Thomas J. James Logo

Thomas J. James

Making the Best Better

Academic Work Experience — University of Michigan

Projects developed while completing the University of Michigan's Master in Applied Data Science degree

Role: Data Scientist
Project: Recommender System Engineering — Developing Online-Course Recommendations
Institution: University of Michigan School of Information

  • Develop content-based recommender system to suggest online courses according to occupation title
  • Perform data gathering and preprocessing using Python, ETL, SQL (PostgreSQL), NLP, TensorFlow, and AWS
  • Conduct comparisons amongst word-vectorizers and word-embeddings: GloVe, BERT, RoBERTa, and tf-idf
  • Reach cosine similarity levels of up to 93% for recommended courses

"Thousands of people are interested in professional development courses online, but do not know where to start.
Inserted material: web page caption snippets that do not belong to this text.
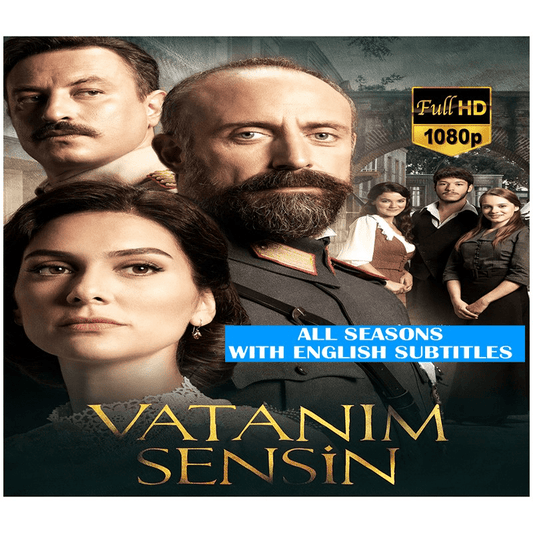 Wounded Love (Vatanim Sensin) – All 59 Episodes in Full HD USB | English Subtitles | No Streaming Required - Turkish TV Series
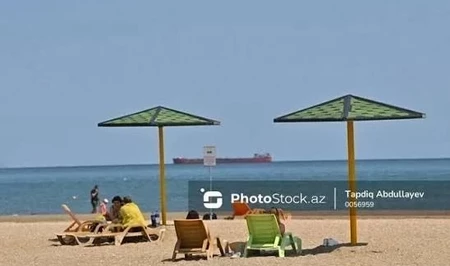 На пляжах Абшерона 21 августа вода прогреется до 26 градусов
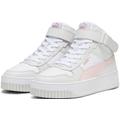 Sneaker PUMA "CARINA STREET MID" Gr. 37,5, pink (puma white, frosty pink, feather gray) Schuhe Schnürstiefeletten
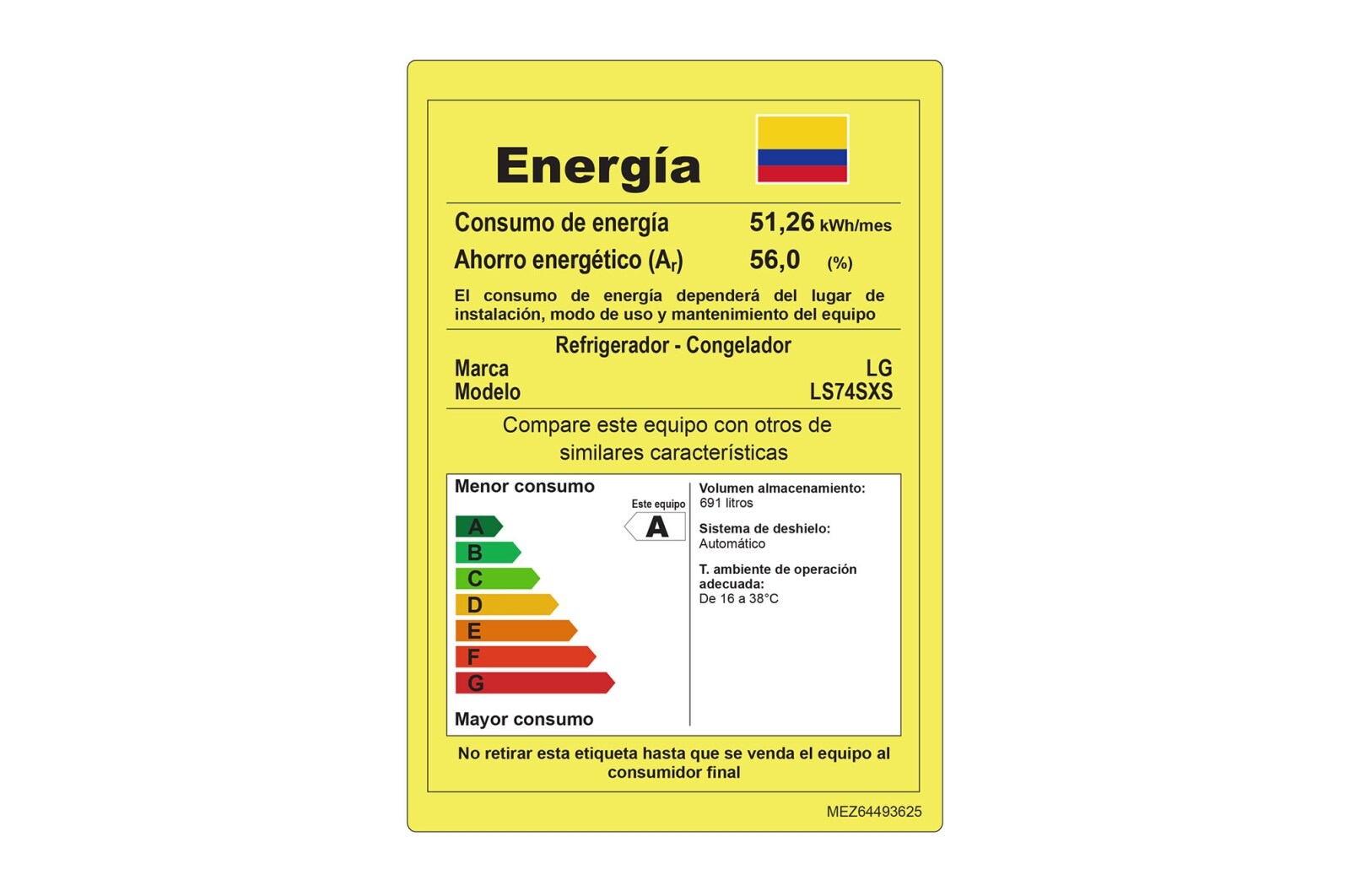 LG Nevecón InstaView Door-in-Door, Side by Side, capacidad 798 LTS, acabadoSTS, Inverter Linear Compresor, LS74SXS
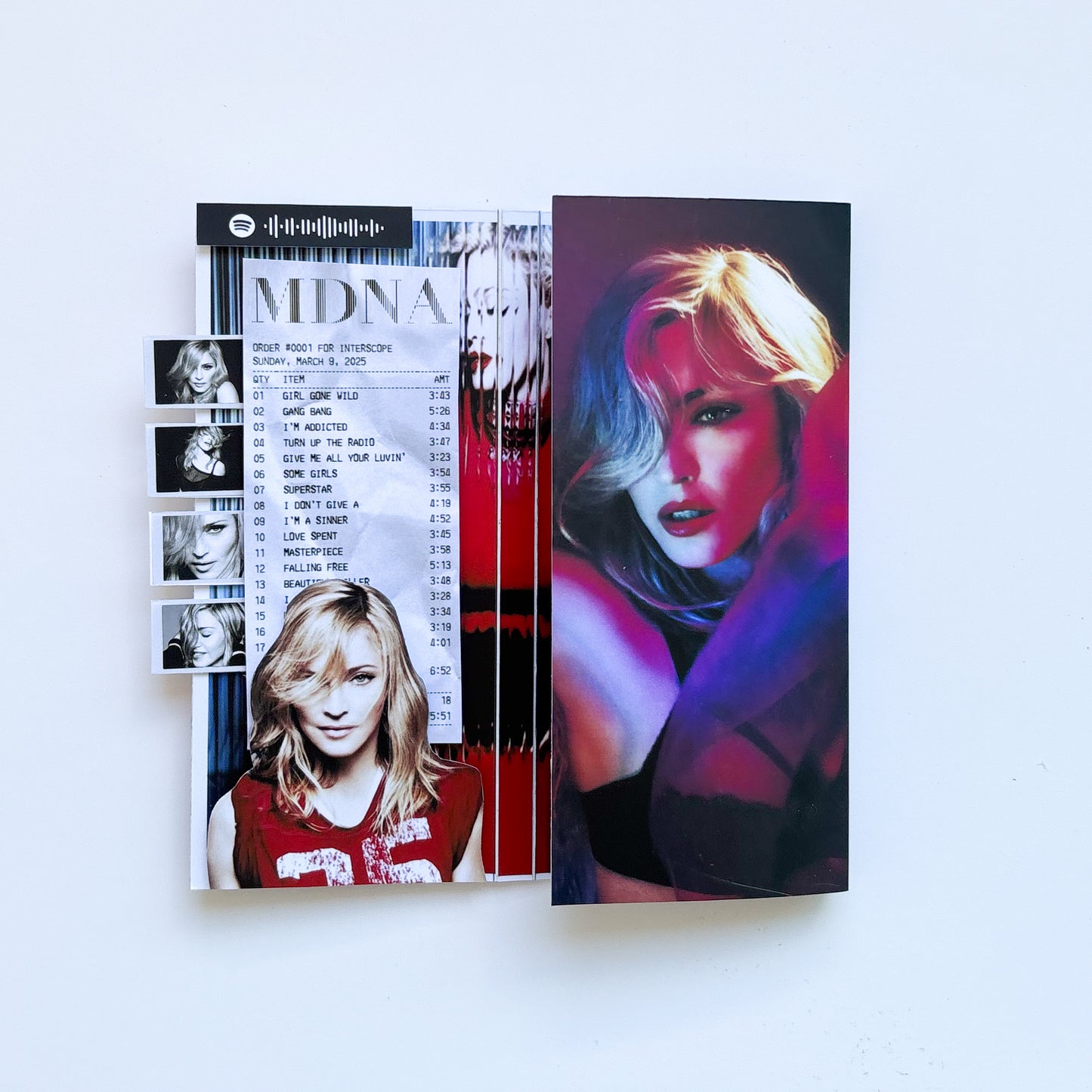 FLIP BOOK - MADONNA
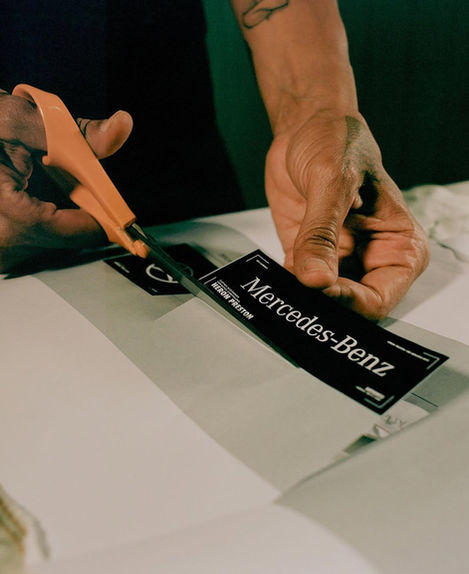 Heron Preston x Mercedes Benz Teasing Campaign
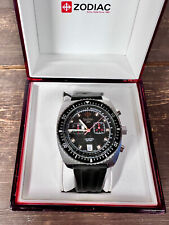 Zodiac Sea Dragon Quarz Chronograph Black Limited Edition 100m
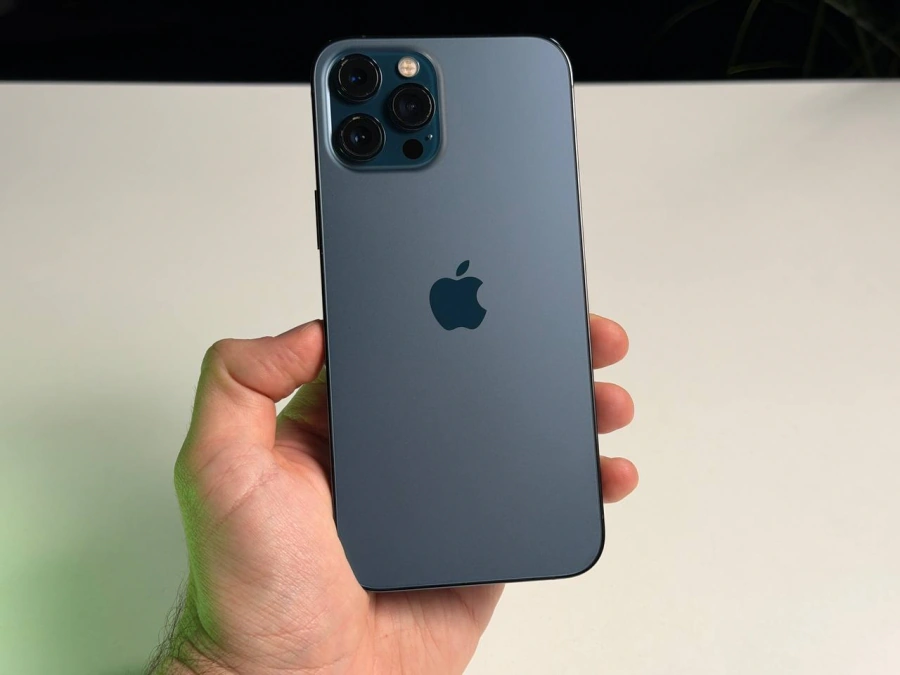 ВЖИВАНИЙ Б/У Apple iPhone 12 Pro Max 256GB Pacific Blue (MGCN3, MGDF3) - Стан: гарний | Акумулятор: 87% | Комплектація: iPhone, кабель | Гарантія: 3 міс.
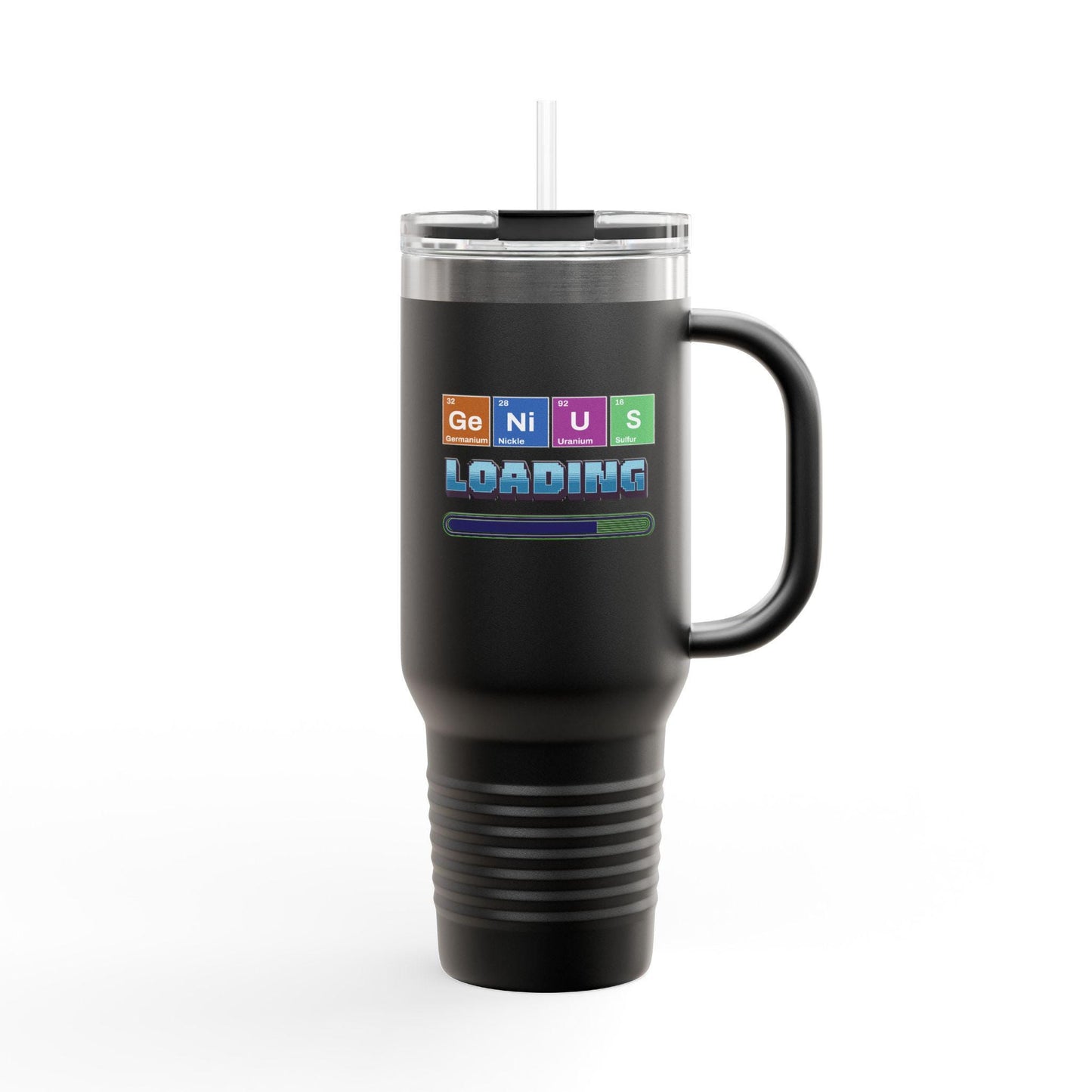 Genius Loading Insulated Travel Mug | 40oz Coffee Tumbler | Perfect Gift for Coffee Lovers, Travel, Home, Office, back to School Refreshment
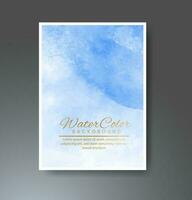 Cards with watercolor background. Design for your cover, date, postcard, banner, logo. vector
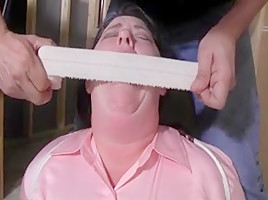 Bbw Joy found bound and gagged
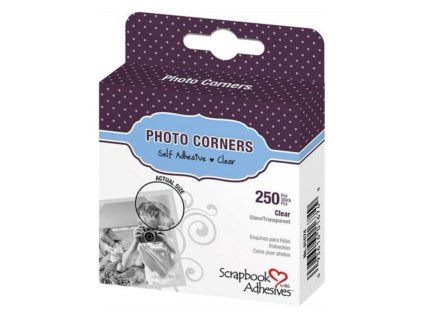 Samolepící průhledné fotorůžky Scrapbook Adhesives 10 mm, balení 250 ks pro scrapbooking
Online-course recommendations can provide directional guidance to professionals eager for continuous growth."

Role: Data Scientist
Project: NBA Data Predictions & Analytics Using Machine Learning & Natural Language Processing
Institution: University of Michigan School of Information

  • Contribute teamwork towards successful visualization of Golden State Warriors and Boston Celtics Twitter conversations' potential positive and negative influences
  • Detect influences of Twitter conversations using regex, sentiment-analysis, semantic-analysis, sarcasm-detection, Word2Vec models, latent semantic indexing, latent dirichlet allocation, and topic-coherence models on 8,195 columns of text data
  • Gather and present scalable insights & analytics through data visualizations, observing the increase in conversations, and dominance of criticisms, during the 2022 playoffs

Role: Data Scientist
Project: Predicting Rankings of Marathon Runners
Institution: University of Michigan School of Information

  • Predict rankings of marathon runners using raw datasets, Python, exploratory data analysis, feature engineering, data preprocessing, data analytics, and machine learning algorithms
  • Establish optimal hyper-parameter levels and feature variables for machine-learning rank forecasting to produce predictive model results at a 74% accuracy
  • Forecast marathon ranking predictions developed while reducing inaccuracy percentages from 35% down to 26%

Role: Voluntary Data Scientist
Project: Synthesizing Office Floor-Plans Using Generative Adversarial Networks
Institution: University of Michigan School of Information

  • Assisted an architectural student's project through synthesizing new office floor plan images
  • Created reconstruction of project plans after 45 days to accommodate team adjustments
  • Developed a pix-2-pix GAN model using an undisclosed library of office floor-plan images, AWS, and experimentation with different analytical and statistical approaches
  • Halted project during fine-tuning stages to join a new group and new project

Role: Data Scientist
Project: Predictive Model to Identify Students Who Are At-Risk of Failing a Course
Institution: University of Michigan School of Information

  • Extract and recode the "final result" grade data
  • Perform data wrangling and feature engineering to ensure all sub-set and engineered files are combined into one flat file
  • Apply a weight to the scores to achieve a more accurate data representation
  • Constrain the prediction model to only record up to day 60 of the course
  • Apply Logistic Regression and Random Forest Classifier models to visualize predicted probabilities and identify a probability cut-off for identification of highest-risk students needing extra attention

Role: Data Scientist
Project: Environmental Effects On Housing Prices (Milestone I)
Institution: University of Michigan School of Information

  • Develop data analysis comparing Zillow house prices with LANDSAT satellite imagery and air pollution data
  • Prepare data for analysis using ETL, data cleaning, data preprocessing, EDA, and data visualization
  • Perform exploratory data analysis to determine which feature variables and feature engineering are needed
  • Observe and analyze results statistically through heat maps, histograms, and scatterplots
  • Correlate satellite imagery of vegetation levels with air pollution and house prices
  • Discover 17.5% variance in housing-prices